ASSIGNMENT: Without the images, print every line of the material below exactly as given.

GIVEN DATA:
========================================================================

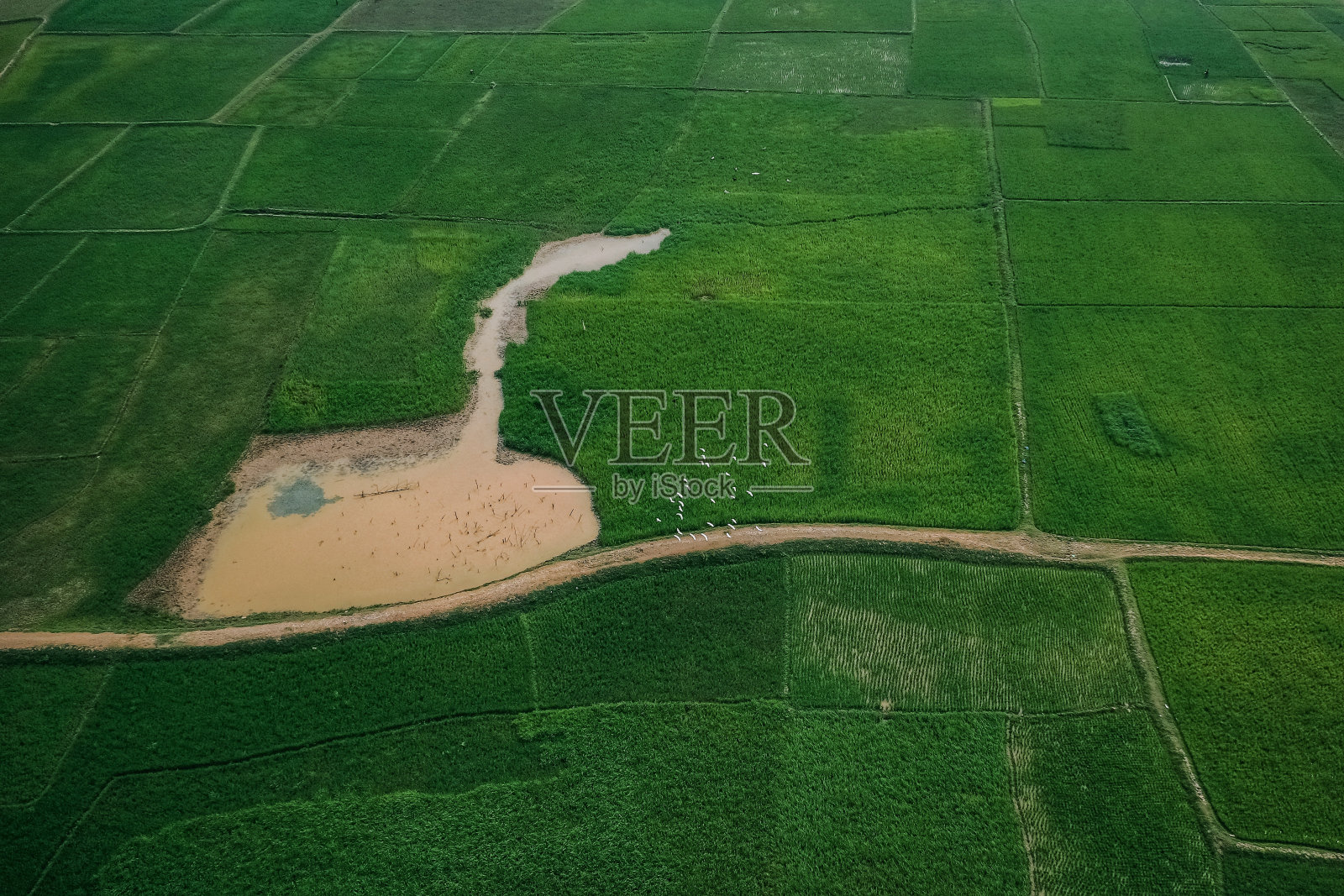 一只鸭子在稻田中央的身影照片摄影图片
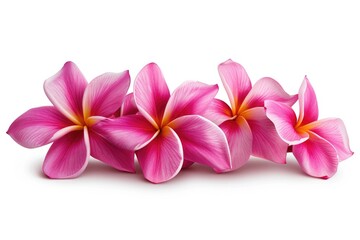 Group of Pink Frangipani isolated on White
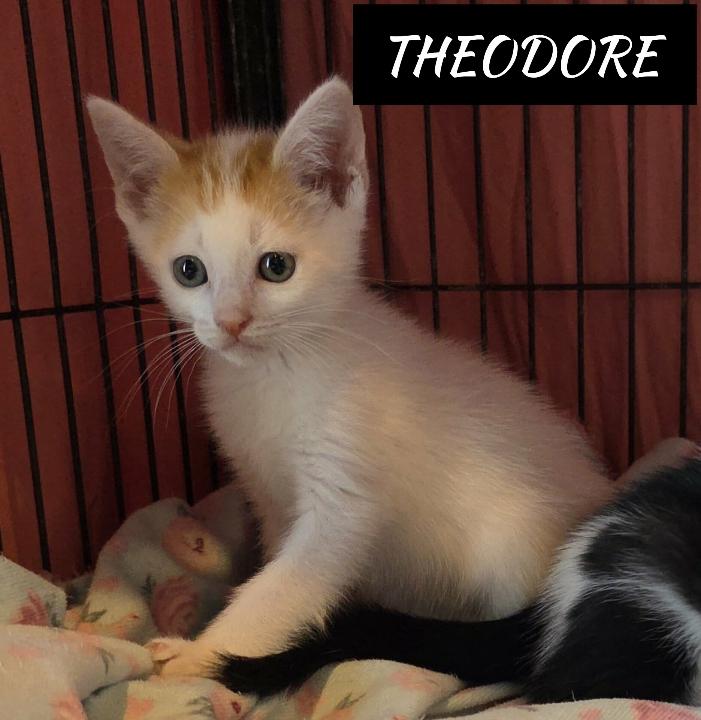 Theodore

========================================================================

RESPONSE AREA:
 一只鸭子在稻田中央的身影照片摄影图片
 Group of Pink Frangipani isolated on White
 Theodore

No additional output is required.